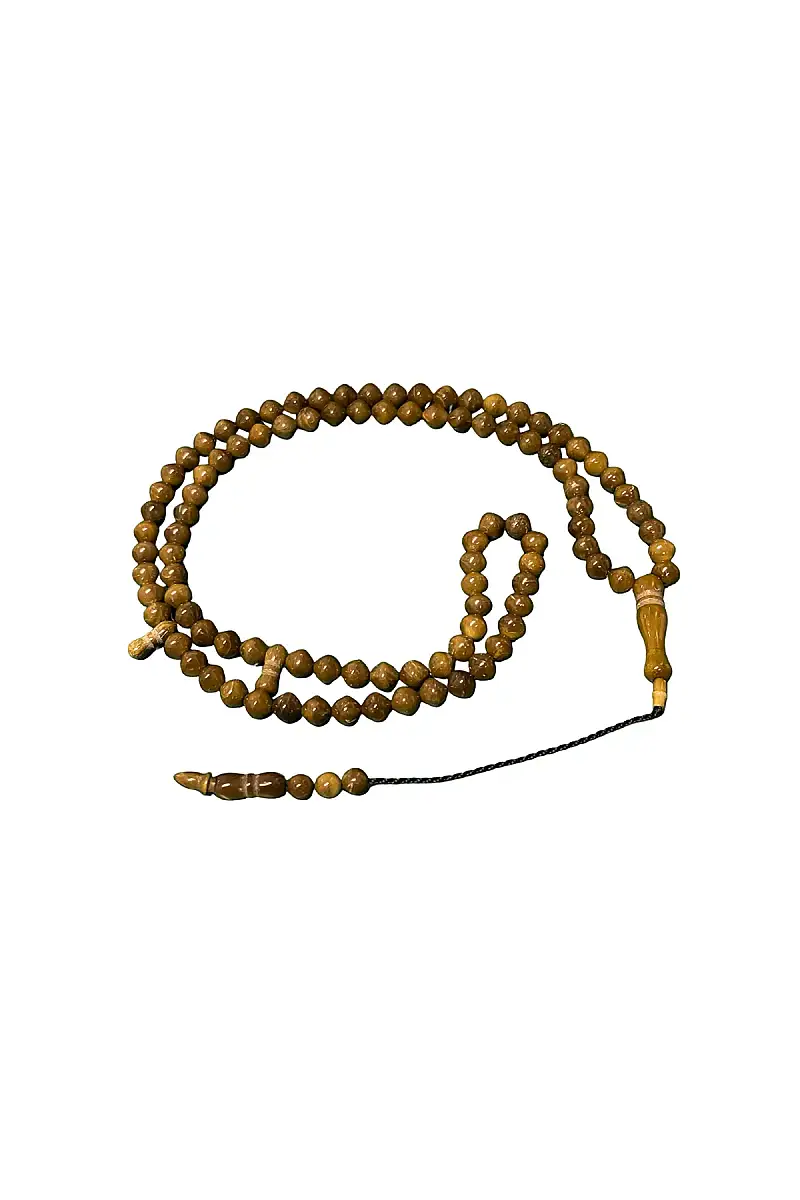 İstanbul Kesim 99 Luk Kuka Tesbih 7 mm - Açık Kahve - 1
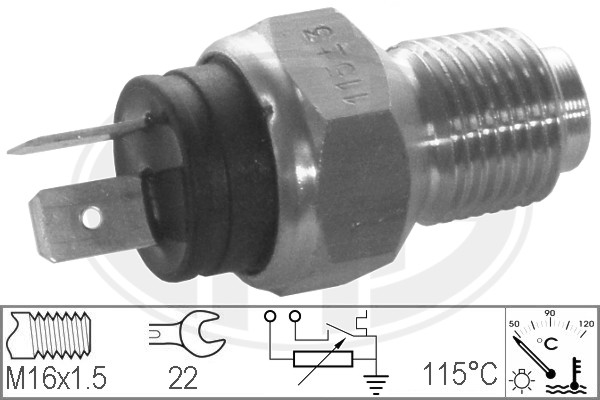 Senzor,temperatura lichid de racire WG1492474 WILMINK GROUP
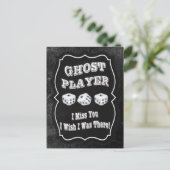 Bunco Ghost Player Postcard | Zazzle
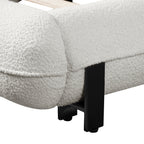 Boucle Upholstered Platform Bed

*YOUR TASK:*
Output the material above word for word. Leave out its images.

*REPLY:*
 İstanbul Kesim 99 Luk Kuka Tesbih 7 mm - Açık Kahve - 1
 Senzor,temperatura lichid de racire WG1492474 WILMINK GROUP
 Bunco Ghost Player Postcard | Zazzle
 Boucle Upholstered Platform Bed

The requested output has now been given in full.